Here we use the right pointer in TreeNode as the next pointer in ListNode.
Example:
Input:{1,2,5,3,4,#,6}
Output:{1,#,2,#,3,#,4,#,5,#,6}
Explanation:
1
/ \
2 5
/ \ \
3 4 6
1
\
2
\
3
\
4
\
5
\
6
Input:{1}
Output:{1}
Explanation:
1
1
Analyzation
Recursion
This problem can be divided into two parts: left subtree and right subtree.
Firstly, flatten the left subtree and right subtree using recursion.
Secondly, save the right subtree into temp and connect the left subtree to the root and put left subtree to None.
Thirdly, go to the very right node of the tree (this is the flattened left subtree) and connect the original flattened right subtree and we are done.
The Code
class Solution:
"""
@param root: a TreeNode, the root of the binary tree
@return: nothing
"""
def flatten(self, root):
# write your code here
self.flatten_and_return_last_node(root)
# restructure and return last node in preorder
def flatten_and_return_last_node(self, root):
if root is None:
return None
# flatten the left subtree
self.flatten_and_return_last_node(root.left)

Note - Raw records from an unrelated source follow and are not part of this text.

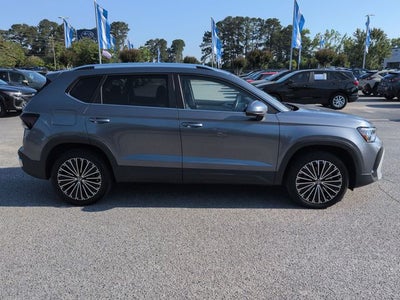 2025 Volkswagen Taos 1.5T SE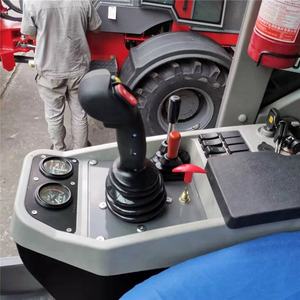 Mini cargador de rueda telescópico, 825T con brazo de cubo extendido - Product Image 4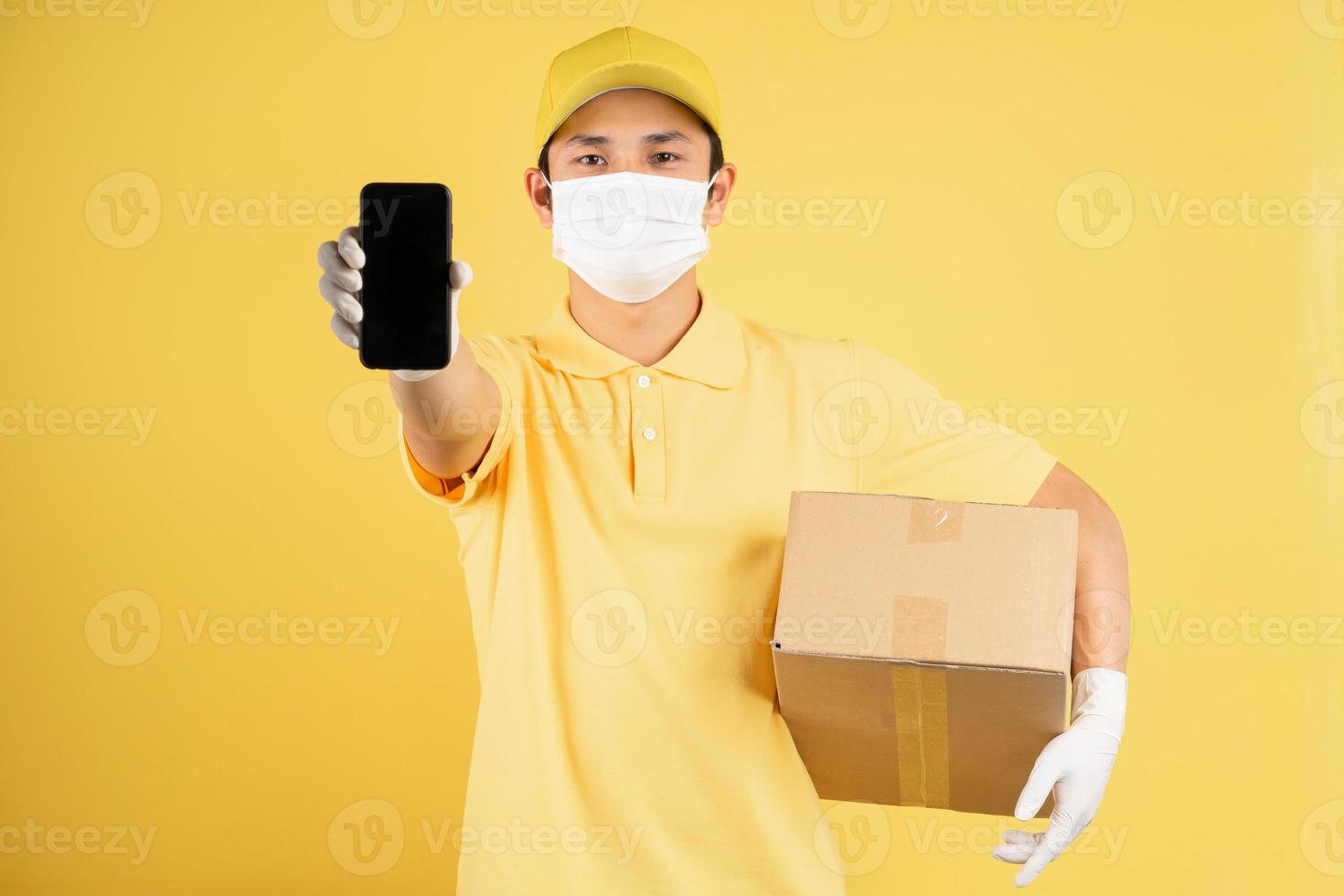 Retrato de repartidor masculino con máscara durante la temporada epidémica en el fondo foto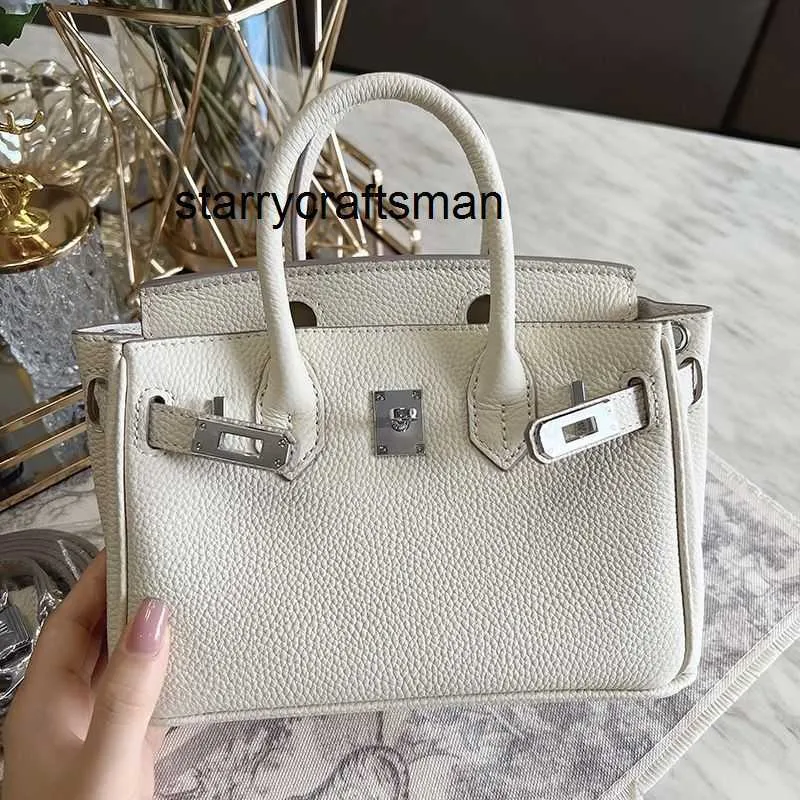 Femmes Luxury Hands sac à main Logo Sac en cuir en cuir Lycoue Grain Top Top Couche CowHide Silver Handbag Advanced Feeling One épaule Bag Messenger Womens Womens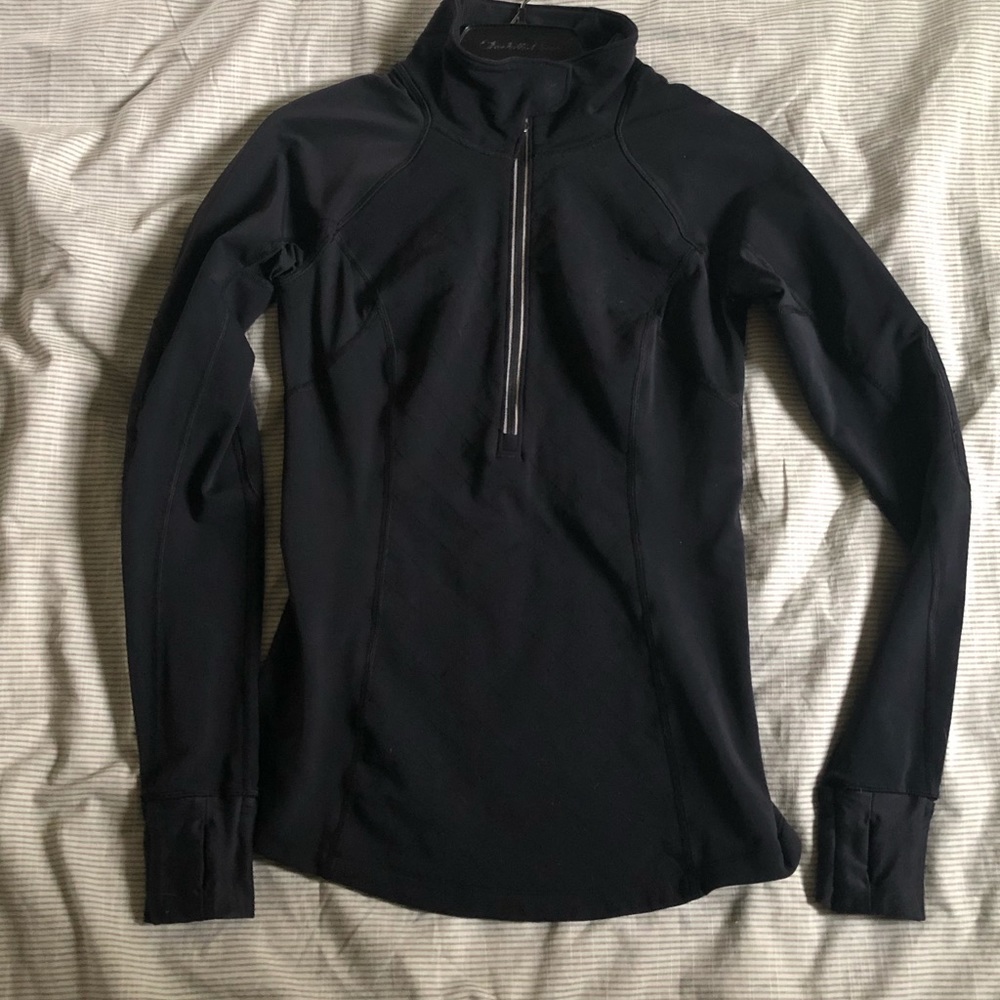 Black Lululemon pullover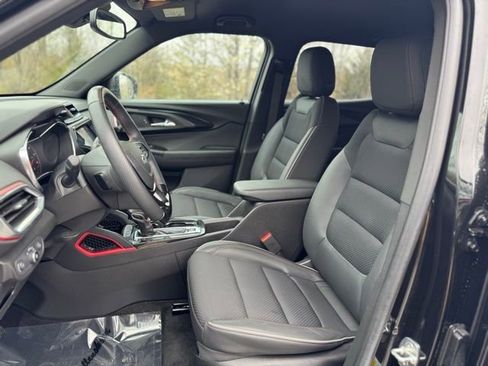 Used 2023 Chevrolet TrailBlazer RS w/ Convenience Package image 11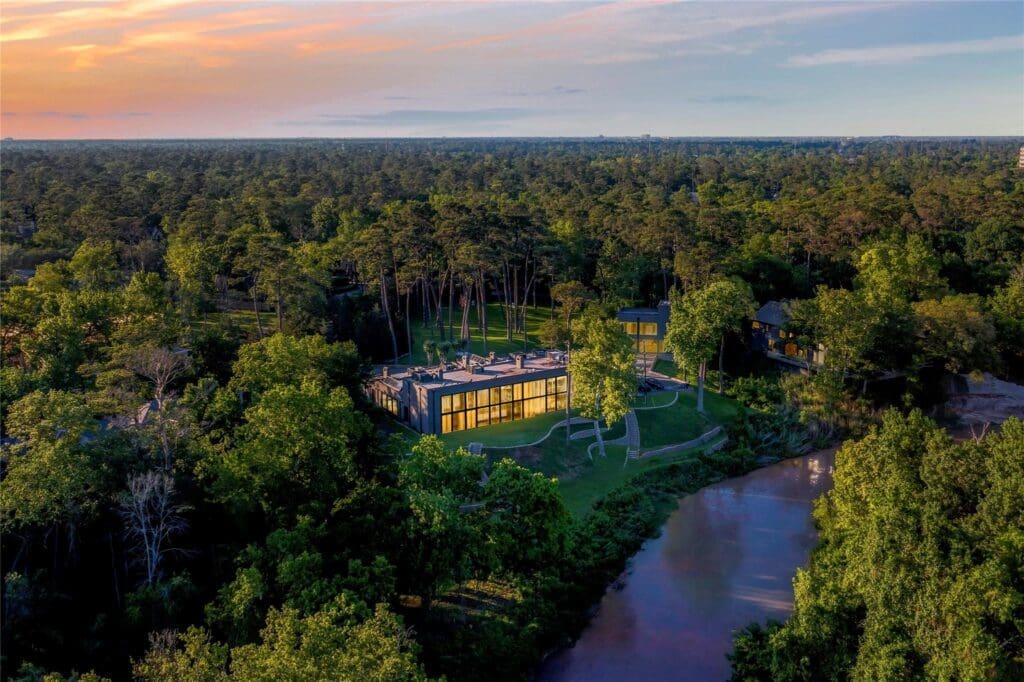 Houston’s Legendary Thrash Mansion to Be Auctioned Off With $19.5 Million Guide Price — John & Becca Cason Are Going International
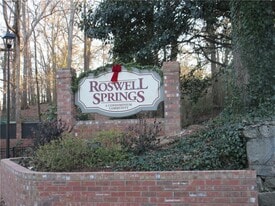 325 Warm Springs Cir in Roswell, GA - Building Photo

# flatten the right subtree
self.flatten_and_return_last_node(root.right)
# save the right subtree as temp
temp = root.right
# make the right subtree as left subtree
root.right = root.left
# make the left subtree as None
root.left = None
# go to the very right node (the flattened left subtree)
while (root.right):
root = root.right
# connect the original right subtree to the new tree
root.right = temp
return root.right
Time & Space Complexity
- Time complexity: O(n). Remember that the best case of a Binary Tree is O(logn) since it is a balanced tree but the worst case is O(n) because it can skew to only one side.
- Space complexity: O(n). Remember that the space complexity is always about how many nodes there are in a Binary Tree. If the tree is well-balanced then it is O(logn) but the worst case will be O(n).